As we broadcast from the Freedom to Connect conference, we look at one whistleblower who used the Internet to reveal the horrors of war: U.S. Army Private Bradley Manning. Military prosecutors have decided to bring the maximum charges against Manning after he admitted during a pre-trial hearing last week to the largest leak of state secrets in U.S. history. In a bid to secure a reduced sentence, Manning acknowledged on the stand that he gave classified documents to WikiLeaks in order to show the American public the “true costs of war” and “spark a debate about foreign policy.” Manning pleaded guilty to reduced charges on 10 counts, which carry a maximum sentence of 20 years in prison. But instead of accepting that plea, military prosecutors announced Friday they will seek to imprison Manning for life without parole on charges that include aiding the enemy. Manning’s court-martial is scheduled to begin in June. We speak with Guardian columnist Glenn Greenwald, who has long covered the case, about what this means for Manning, and its broader implications for whistleblowers and the journalists they often approach.
***
QUOTES:
2:35ish : The theory that the government is proceeding on is really one that’s quite radical and menacing. That is, although [Bradley Manning] never communicated with “the enemy” (which the government has said is al Qaeda), although there’s no evidence that he intended in any way to benefit al Qaeda (he could have sold this information [and] made a great deal of money had wanted to)–all the evidence indicates that he did it for exactly the reason that he said with the intent that he said; which was to spark reform and to bring attention to these abuses–the government is proceeding on the theory that simply because the information that [was] leaked ended up in the hands of al Qaeda, and al Qaeda had an interest in it, that constitutes aiding and abetting the enemy. And what that essentially does is it converts every form of whistleblowing or leaks into a form of treason.

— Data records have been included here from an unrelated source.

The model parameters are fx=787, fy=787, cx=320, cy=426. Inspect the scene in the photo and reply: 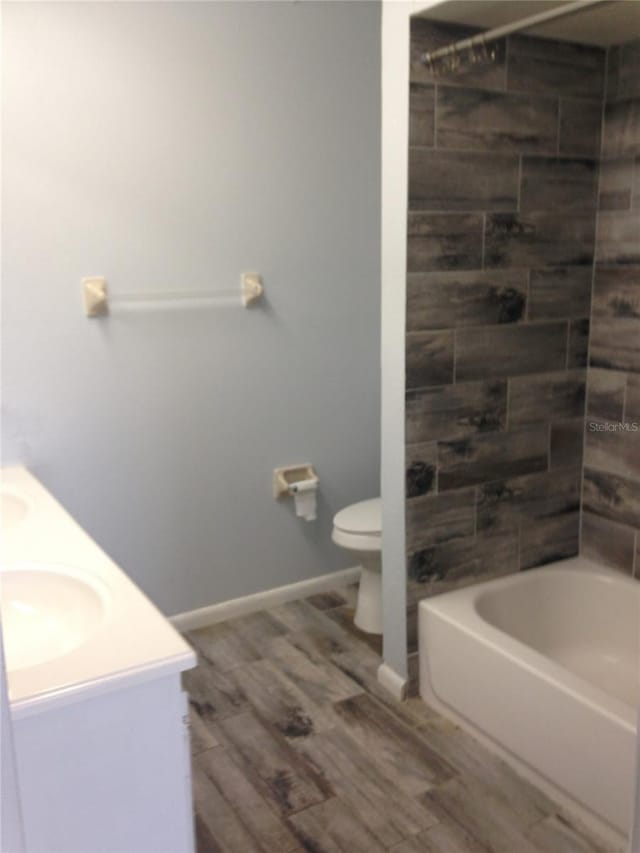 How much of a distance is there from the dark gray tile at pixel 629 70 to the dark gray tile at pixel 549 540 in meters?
1.43

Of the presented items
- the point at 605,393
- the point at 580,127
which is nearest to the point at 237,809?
the point at 605,393

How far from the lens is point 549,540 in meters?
2.84

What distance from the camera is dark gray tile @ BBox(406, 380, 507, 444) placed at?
246 centimetres

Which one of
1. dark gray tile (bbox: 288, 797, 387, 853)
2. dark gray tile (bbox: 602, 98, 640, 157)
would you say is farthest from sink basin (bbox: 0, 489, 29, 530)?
dark gray tile (bbox: 602, 98, 640, 157)

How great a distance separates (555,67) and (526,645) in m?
1.84

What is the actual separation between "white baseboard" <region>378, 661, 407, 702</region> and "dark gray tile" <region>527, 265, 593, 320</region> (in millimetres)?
1281

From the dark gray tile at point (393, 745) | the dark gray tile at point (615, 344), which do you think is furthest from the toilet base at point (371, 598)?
the dark gray tile at point (615, 344)

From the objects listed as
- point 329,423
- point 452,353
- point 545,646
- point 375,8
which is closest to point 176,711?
point 452,353

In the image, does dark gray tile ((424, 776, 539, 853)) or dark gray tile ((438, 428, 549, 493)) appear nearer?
dark gray tile ((424, 776, 539, 853))

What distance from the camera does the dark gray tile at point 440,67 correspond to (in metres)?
2.22

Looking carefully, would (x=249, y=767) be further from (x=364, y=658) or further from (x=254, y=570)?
(x=254, y=570)

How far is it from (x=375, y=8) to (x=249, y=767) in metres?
2.79

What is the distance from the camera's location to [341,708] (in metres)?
2.60

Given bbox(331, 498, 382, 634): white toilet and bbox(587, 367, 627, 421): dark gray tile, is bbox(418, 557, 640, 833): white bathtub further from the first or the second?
bbox(587, 367, 627, 421): dark gray tile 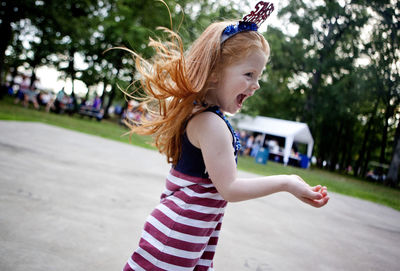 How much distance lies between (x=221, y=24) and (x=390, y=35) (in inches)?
38.0

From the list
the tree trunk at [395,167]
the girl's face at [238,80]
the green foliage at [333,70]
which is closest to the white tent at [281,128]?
the green foliage at [333,70]

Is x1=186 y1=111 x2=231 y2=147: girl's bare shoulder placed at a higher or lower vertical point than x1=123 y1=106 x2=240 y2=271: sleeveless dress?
higher

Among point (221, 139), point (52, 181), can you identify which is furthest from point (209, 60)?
point (52, 181)

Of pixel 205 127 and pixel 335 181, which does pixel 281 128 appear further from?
pixel 205 127

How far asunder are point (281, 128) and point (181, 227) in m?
1.23

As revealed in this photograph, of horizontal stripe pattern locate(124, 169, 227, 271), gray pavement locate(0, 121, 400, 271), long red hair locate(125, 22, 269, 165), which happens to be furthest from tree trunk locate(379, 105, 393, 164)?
horizontal stripe pattern locate(124, 169, 227, 271)

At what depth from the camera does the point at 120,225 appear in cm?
240

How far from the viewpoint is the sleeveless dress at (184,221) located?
43.8 inches

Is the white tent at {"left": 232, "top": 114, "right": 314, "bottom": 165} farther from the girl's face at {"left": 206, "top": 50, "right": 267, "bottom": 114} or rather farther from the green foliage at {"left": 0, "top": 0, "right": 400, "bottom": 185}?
the girl's face at {"left": 206, "top": 50, "right": 267, "bottom": 114}

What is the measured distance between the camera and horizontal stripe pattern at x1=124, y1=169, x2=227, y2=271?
1.11 m

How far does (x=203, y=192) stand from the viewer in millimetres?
1151

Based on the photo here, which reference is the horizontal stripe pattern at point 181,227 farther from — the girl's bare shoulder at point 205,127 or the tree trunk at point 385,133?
the tree trunk at point 385,133

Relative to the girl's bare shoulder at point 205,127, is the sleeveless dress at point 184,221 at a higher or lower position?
lower

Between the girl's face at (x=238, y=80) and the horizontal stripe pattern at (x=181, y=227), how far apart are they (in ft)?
1.14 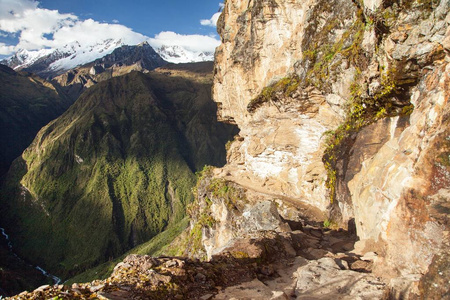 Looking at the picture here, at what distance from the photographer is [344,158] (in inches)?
534

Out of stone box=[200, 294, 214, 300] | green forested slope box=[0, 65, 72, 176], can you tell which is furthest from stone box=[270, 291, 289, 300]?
green forested slope box=[0, 65, 72, 176]

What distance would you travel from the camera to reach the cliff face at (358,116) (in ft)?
20.9

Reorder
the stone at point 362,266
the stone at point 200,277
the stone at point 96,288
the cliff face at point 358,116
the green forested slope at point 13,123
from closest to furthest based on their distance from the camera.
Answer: the stone at point 96,288, the cliff face at point 358,116, the stone at point 200,277, the stone at point 362,266, the green forested slope at point 13,123

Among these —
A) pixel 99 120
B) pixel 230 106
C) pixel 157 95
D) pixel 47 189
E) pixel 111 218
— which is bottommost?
pixel 111 218

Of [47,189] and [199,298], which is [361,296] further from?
[47,189]

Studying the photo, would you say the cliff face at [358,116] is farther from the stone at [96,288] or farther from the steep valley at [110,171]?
the steep valley at [110,171]

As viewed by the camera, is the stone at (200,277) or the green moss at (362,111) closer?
the stone at (200,277)

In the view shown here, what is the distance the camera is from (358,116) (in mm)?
12938

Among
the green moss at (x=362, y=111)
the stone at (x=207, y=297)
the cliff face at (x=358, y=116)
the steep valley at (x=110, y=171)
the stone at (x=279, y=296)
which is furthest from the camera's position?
the steep valley at (x=110, y=171)

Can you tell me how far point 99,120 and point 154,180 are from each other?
48108mm

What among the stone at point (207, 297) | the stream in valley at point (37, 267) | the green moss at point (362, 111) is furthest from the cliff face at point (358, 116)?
the stream in valley at point (37, 267)

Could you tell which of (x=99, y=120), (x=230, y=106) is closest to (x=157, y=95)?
(x=99, y=120)

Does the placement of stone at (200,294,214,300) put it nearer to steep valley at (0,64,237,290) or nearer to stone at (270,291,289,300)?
stone at (270,291,289,300)

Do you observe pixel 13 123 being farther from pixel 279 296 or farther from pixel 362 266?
pixel 362 266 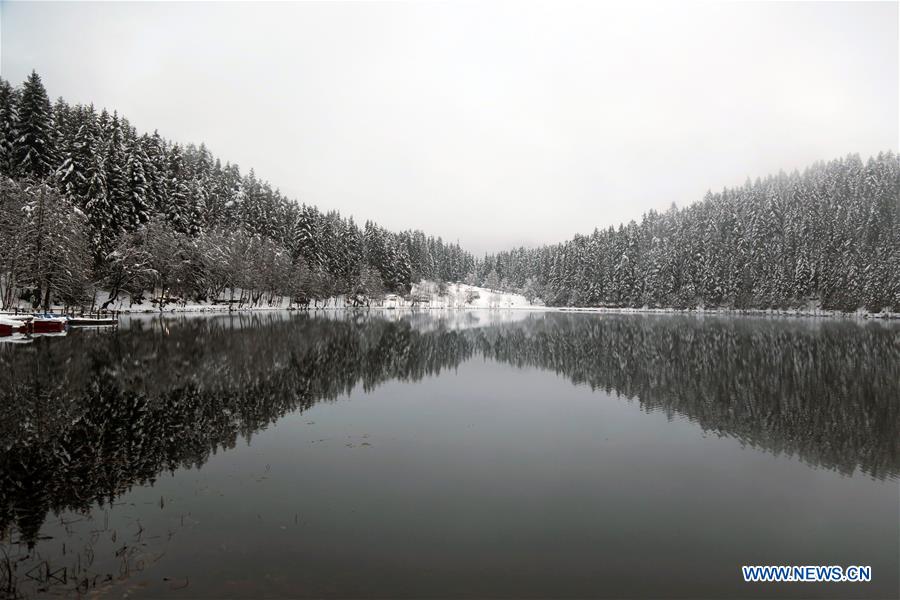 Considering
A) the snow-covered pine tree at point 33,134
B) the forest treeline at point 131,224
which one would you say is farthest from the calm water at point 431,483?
the snow-covered pine tree at point 33,134

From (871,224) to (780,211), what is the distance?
16948 millimetres

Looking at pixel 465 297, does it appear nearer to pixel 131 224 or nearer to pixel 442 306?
pixel 442 306

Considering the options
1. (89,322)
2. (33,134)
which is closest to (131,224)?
(33,134)

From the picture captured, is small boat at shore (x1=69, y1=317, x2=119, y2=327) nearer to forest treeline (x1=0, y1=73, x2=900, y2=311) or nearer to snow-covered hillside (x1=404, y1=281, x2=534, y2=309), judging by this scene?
forest treeline (x1=0, y1=73, x2=900, y2=311)

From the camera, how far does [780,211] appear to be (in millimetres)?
110375

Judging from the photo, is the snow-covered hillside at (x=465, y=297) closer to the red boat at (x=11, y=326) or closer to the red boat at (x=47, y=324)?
the red boat at (x=47, y=324)

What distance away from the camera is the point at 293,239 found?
104m

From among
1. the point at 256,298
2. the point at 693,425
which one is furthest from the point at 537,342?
the point at 256,298

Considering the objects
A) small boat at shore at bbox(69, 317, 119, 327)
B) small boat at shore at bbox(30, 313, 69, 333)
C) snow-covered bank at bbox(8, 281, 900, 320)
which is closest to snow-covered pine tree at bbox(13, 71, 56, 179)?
snow-covered bank at bbox(8, 281, 900, 320)

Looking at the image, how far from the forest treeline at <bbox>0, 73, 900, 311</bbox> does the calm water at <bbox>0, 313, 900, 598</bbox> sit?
33219 millimetres

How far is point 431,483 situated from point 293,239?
101812 millimetres

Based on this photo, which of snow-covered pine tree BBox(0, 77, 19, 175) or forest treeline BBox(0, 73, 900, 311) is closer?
forest treeline BBox(0, 73, 900, 311)

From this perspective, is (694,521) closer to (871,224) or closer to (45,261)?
(45,261)

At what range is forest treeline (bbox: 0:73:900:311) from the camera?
4803 centimetres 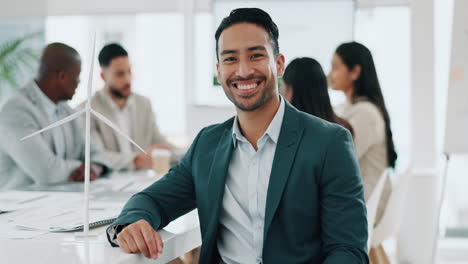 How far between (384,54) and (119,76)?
203 cm

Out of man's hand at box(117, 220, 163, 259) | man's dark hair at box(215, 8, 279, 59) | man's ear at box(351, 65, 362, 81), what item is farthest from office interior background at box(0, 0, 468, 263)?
man's hand at box(117, 220, 163, 259)

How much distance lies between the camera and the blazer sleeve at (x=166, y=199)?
1.63 meters

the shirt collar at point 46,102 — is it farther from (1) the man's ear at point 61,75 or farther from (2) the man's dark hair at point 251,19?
(2) the man's dark hair at point 251,19

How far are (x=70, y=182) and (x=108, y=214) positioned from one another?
0.87m

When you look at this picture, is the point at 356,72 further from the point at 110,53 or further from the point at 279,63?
the point at 279,63

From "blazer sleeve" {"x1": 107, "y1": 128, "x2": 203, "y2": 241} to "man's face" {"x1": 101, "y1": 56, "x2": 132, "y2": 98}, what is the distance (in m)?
2.15

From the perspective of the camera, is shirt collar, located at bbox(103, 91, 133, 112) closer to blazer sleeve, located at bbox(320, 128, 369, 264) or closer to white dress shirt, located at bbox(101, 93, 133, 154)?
white dress shirt, located at bbox(101, 93, 133, 154)

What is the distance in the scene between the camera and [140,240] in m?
1.50

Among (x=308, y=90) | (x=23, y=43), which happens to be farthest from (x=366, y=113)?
(x=23, y=43)

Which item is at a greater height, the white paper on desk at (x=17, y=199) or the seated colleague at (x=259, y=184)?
the seated colleague at (x=259, y=184)

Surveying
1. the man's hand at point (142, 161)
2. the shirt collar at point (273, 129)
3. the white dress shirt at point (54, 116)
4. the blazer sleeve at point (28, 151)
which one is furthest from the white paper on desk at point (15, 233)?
the man's hand at point (142, 161)

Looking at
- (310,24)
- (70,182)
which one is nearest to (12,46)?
(70,182)

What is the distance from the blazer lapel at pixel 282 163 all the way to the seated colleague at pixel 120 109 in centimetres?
217

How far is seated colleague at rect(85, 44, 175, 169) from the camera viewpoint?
3.73 metres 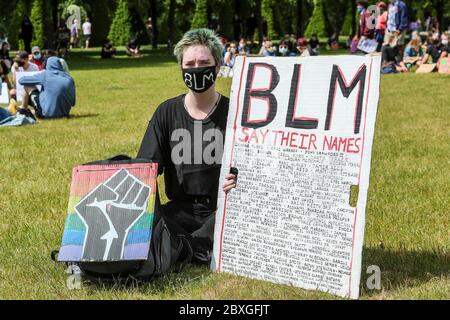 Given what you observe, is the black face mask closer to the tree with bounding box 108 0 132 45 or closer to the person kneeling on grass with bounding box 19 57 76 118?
the person kneeling on grass with bounding box 19 57 76 118

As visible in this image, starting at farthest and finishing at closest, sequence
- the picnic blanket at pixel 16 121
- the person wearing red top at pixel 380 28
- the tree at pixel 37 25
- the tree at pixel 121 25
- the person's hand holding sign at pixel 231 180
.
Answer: the tree at pixel 121 25, the tree at pixel 37 25, the person wearing red top at pixel 380 28, the picnic blanket at pixel 16 121, the person's hand holding sign at pixel 231 180

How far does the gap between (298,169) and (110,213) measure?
1.22 meters

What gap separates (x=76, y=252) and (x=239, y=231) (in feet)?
3.43

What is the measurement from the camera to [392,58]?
24891 millimetres

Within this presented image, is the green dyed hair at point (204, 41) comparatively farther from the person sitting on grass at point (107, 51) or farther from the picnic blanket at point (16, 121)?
the person sitting on grass at point (107, 51)

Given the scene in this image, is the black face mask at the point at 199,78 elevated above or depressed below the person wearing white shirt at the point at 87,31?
above

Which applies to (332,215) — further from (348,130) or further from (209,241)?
(209,241)

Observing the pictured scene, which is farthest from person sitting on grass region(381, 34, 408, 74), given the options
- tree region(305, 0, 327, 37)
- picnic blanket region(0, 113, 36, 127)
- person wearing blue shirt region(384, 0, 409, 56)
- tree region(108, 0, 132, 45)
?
tree region(305, 0, 327, 37)

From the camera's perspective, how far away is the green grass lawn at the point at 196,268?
4.75 metres

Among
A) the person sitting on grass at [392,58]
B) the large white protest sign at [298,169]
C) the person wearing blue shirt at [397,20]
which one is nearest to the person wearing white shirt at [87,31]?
the person sitting on grass at [392,58]

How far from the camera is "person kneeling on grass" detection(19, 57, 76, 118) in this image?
14273 millimetres

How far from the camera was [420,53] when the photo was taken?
106ft

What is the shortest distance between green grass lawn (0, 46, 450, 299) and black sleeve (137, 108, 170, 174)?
2.64ft

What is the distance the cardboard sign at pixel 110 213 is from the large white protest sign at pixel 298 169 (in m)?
0.54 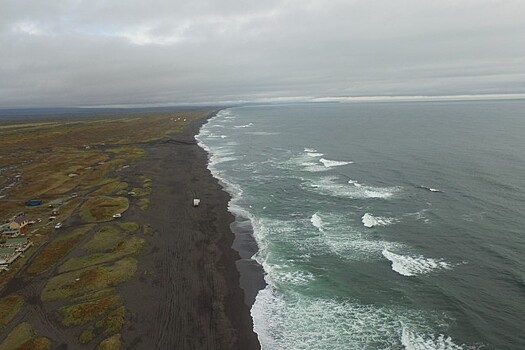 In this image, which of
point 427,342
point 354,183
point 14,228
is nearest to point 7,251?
point 14,228

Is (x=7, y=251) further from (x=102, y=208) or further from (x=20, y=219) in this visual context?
(x=102, y=208)

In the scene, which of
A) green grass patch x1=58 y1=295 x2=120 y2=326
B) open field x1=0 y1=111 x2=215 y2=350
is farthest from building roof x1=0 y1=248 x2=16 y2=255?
Result: green grass patch x1=58 y1=295 x2=120 y2=326

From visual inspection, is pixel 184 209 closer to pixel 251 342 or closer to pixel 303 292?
pixel 303 292

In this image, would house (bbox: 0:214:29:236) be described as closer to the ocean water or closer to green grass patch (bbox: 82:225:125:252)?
green grass patch (bbox: 82:225:125:252)

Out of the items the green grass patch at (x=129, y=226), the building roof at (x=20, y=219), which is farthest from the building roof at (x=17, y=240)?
the green grass patch at (x=129, y=226)

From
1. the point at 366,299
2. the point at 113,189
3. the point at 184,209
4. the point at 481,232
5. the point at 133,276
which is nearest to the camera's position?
the point at 366,299

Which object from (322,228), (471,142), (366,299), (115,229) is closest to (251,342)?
(366,299) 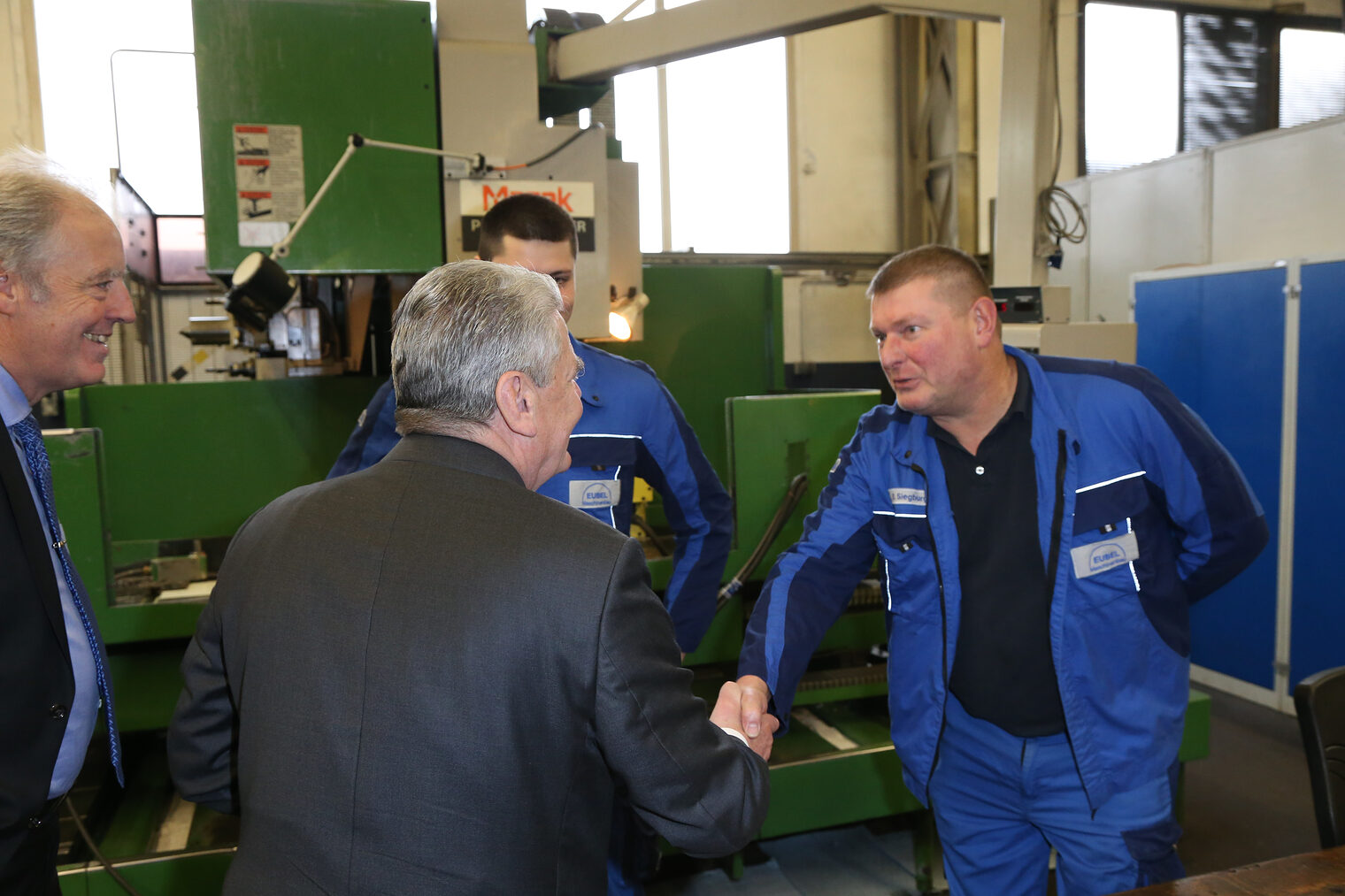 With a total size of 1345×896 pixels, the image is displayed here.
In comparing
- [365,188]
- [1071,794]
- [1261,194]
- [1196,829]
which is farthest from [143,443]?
[1261,194]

10:00ish: [In 2013] the supreme court said because [the] eavesdropping program is shrouded in secrecy; nobody can prove that they are being subjected to eavesdropping, and therefore nobody has standing to sue. We won’t even allow the law to be tested in court about whether it violates the constitution. This has happened over and over: the government has insulated its conduct from what are supposed to be the legitimate means of accountability and transparency (judicial proceedings, media coverage, FOIA requests), and has erected this impenetrable wall of secrecy using what are supposed to be the institutions designed to prevent that. That is what makes whistleblowing all the more imperative. It really is the only remaining avenue that we have to learn about what the government is doing. […] Those who want to stigmatize whistleblowing as illegal would have a much better case if there were legitimate institutions that were functioning that allowed the kind of transparency that we’re supposed to have. But those have all been shut down which is what makes whistleblowing all the more imperative, and the war on whistleblowing all the more odious.